消息传到家里,已经怀孕六个月的陈秀兰挺着大肚子跑到坝上。
她跪在马父面前:“爹,求您开个口子吧,我娘家的庄稼都要旱死了……”
“滚回去!”马父一脚把儿媳妇踹开,“吃里扒外的东西!”
当天夜里,上官屯的男人们拿着铁锹、锄头去扒坝。
月光下,陈和平看见马德福站在坝上,手里的镰刀泛着冷光。
“姐夫……”陈和平刚开口,就听见马父在后面喊:“德贵!拦住他们!”
两拨人在齐腰深的水里厮打起来。
陈老四的堂弟被一锄头砸中后腰,当场就吐了血。
马家沟也有两个人受了重伤,一个被铁锹劈中了肩膀,一个掉进湍急的河水里不见了踪影。
民国二十二年的秋天。
两村为了争夺河滩上新淤出来的五十亩地,再次爆发冲突。
这天清晨,马家沟的人趁着雾大,在滩地上密密麻麻插满了界桩。
陈老四带着族人去拔桩时,马德福的弟弟马德才领着二十多个后生拦住了他们。
“陈老四!”马德才举着一把祖传的雁翎刀,刀柄上还拴着当年喜宴上的红绸,“今天谁动界桩,我就砍了谁的手!”

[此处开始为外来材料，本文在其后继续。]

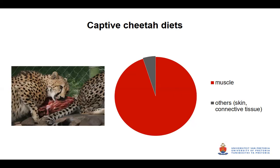You might think that since cheetahs are big cats and we know a lot about cat metabolism, we would have a good understanding — but it turns out we actually know very little about their digestion and metabolism. I wanted to get a good handle on that, so we decided to go for a systems biology approach to nail down some basics. Metabolomics lends itself well to that kind of understanding.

陈和平看见那把刀在朝阳下闪着寒光,不由得打了个寒颤。
他记得这把刀,当年堂姐出嫁时,马德才就是用这把刀给迎亲的队伍开路。
“德才!””闻讯赶来的马德福气喘吁吁地跑来,“把刀放下!”
“哥!你别管!”马德才一把推开哥哥,“今天非要给他们点颜色看看!”
两拨人很快打作一团。马德才挥舞着雁翎刀,陈和平的堂兄一个不留神,被捅了个对穿。
鲜血喷涌而出,染红了金黄的谷茬。
“杀人了!”有人尖叫起来。
马德福扑上去抱住弟弟:“住手!快住手!”
混乱中,马德才的腿被人用锄头打断了,疼得在地上打滚。
新淤的滩地上到处都是血迹,混着泥土变成了暗红色。
陈秀兰抱着刚满周岁的孩子跑来,跪在血水里哭喊:“别打了!求求你们别打了!”
她怀里的孩子被吓得哇哇大哭,这哭声终于让杀红了眼的人们停了下来。
此后,两个村子再无宁日。
1951年土改时,工作队来划分成分。
马长贵家因为有两头耕牛和五亩水浇地,被划为富农;
陈和平家虽然房子新,但只有三亩旱地,划成了中农。
马长贵不服气,指着陈和平家新盖的土房说:“他家的房子比我家还好,凭什么我家是富农?”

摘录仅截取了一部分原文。